Lecture 21: The Van Kampen theorem (October 24)
This is the main divide-and-conquer tool used for computing fundamental groups. It involves picking a nice cover, in the sense that we saw earlier in the course.
Midterm (October 26)
Midterm redux (October 29)
Lecture 22: The fundamental group of the trefoil exterior (October 31)
The trefoil knot is a set in the torus that winds 3 times in one direction and 2 in the other. We looked at a nice cover of the three-sphere with two open sets for which their common intersection was the
the torus, and used this to compute the fundamental group of the trefoil's complement in the three-sphere.
Lecture 23: Proof of the van Kampen theorem (November 2)
Given a nice cover of X, Van Kampen tells you how to take a quotient of the free product of fundamental groups of the covering sets
in order to compute the fundamental group of X. We worked out the kernel of the map giving rise to this quotient explicitly, completing the proof od Van Kampen's theorem.
Lecture 24: subgroups and covers: prospectus (November 5)
We will spend the next few weeks building up a glossary between subgroups of the fundamental group and covering spaces. This lecture set this up by revisiting examples we've seen already, for example, the Möbius strip from Lecture 17.
Lecture 25: Topological graphs (November 7)
As an application of the yet-to-be-established correspondence between vores and subgroups, we proved that subgroups of free groups are free. For this we took a good look at (topological) graphs and
proved that the fundamental group of a graph is always a free group.
Lecture 26: 2-cell complexes and group presentations (November 9)
Topological graphs are special cases of more general objects called cell complexs. We say that addin a 2-complex to a space gives a null-homotopy for the curve that you glue it to. This, in turn, gives rise to the notion of a group presentation: starting with the free group, that is, the fundamental group of a bouquet of circles, we can attache 2-cells to this space.
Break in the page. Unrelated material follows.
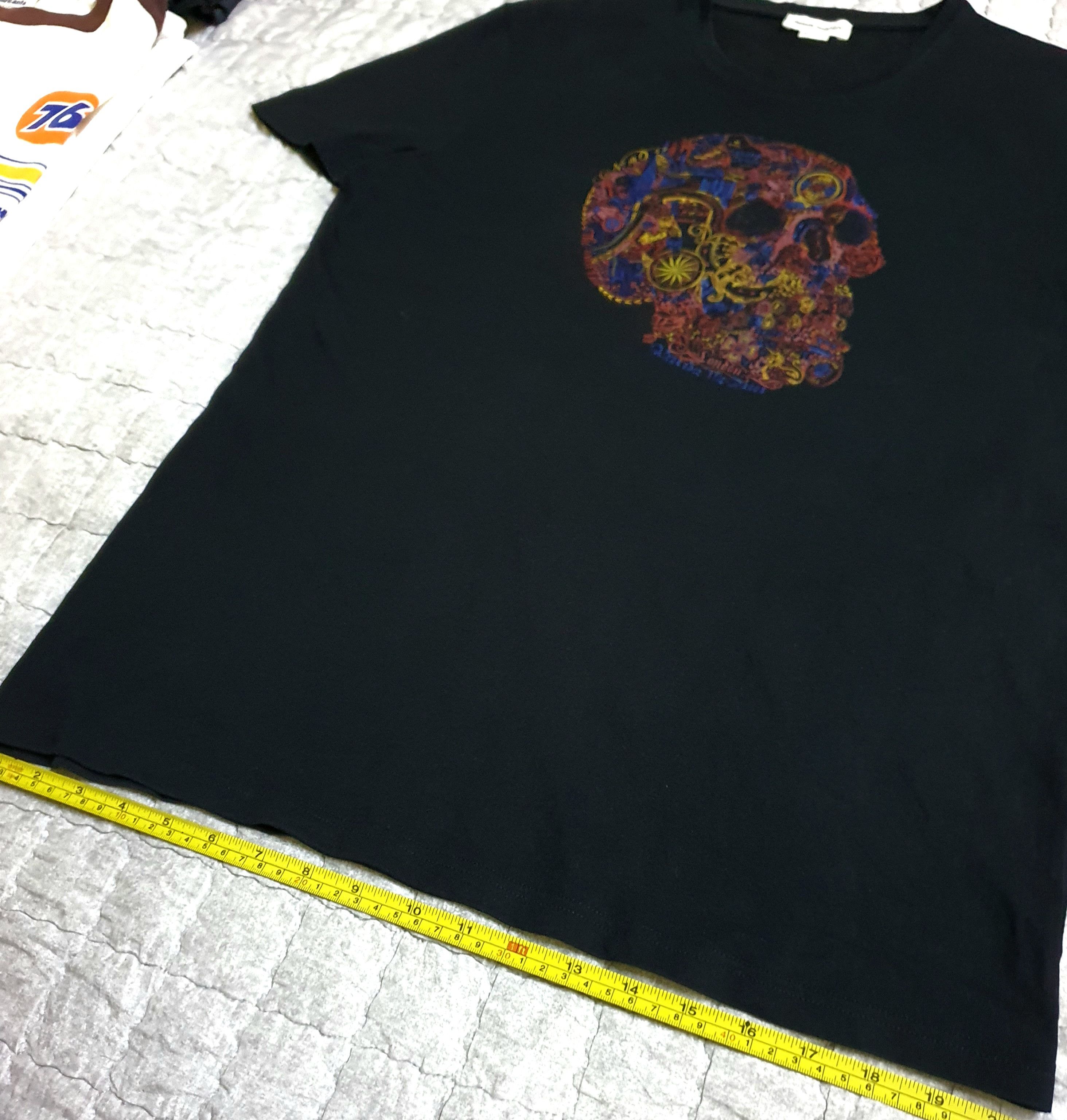 Alexander McQueen Alexander McQueen London Map Skull rare tee Size US S / EU 44-46 / 1 - 13 Thumbnail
The result at the level of the fundamental group is a quotient, and the words that you quotient by in this way are called relators in the group.
Lecture 27: The universal cover (November 14)
Starting with a good idea for what such a space should be in the case of a wedge of circles, we considered the general construction of a covering space associated with a given space X (some hypothesis required!) that is simply connected.
This is called the universal cover, because it is unique up to isomorphism and it covers any other covering space of X.
Lecture 28: Constructing the universal cover (November 16)
Today we built this space from scratch, first noting that a condition – semilocal simply connectednedness – was necessary.
Lecture 29: Covers associated with subgroups (November 19)
Given a subgroup of the fundamental group of a space X, we constructed an explicit covering space of X associated with this cover.
Lecture 30: Early review (November 21)
We paused to review certain notions – retractions and deformation retractions – in the context of the various constructions we've now seen. This was an effort to point to a means of structuring your own review and consolidating various new concepts encountered in topology.
Deck transformations (November 23)
Now that we have a bijective correspondence between connected covers (up to isomorphism) and conjugacy classes of subgroups of the fundamental group, we took a closer look at the action of the fundamental group on the universal cover.
This is the deck transformation group.
Lecture 32: Introduction to K(G,1) spaces (November 26)
A space X is a K(G,1) space if it has a contractible universal cover and it's fundamental group is isomorphic to G.
Lecture 32: Classifying spaces (November 28)
Given a group G we constructed a contractible cell complex EG with a covering action by G so that BG=EG/G is a K(G,1) space.
Graphs of groups (November 30)
New groups from old, indexed by trees and graphs.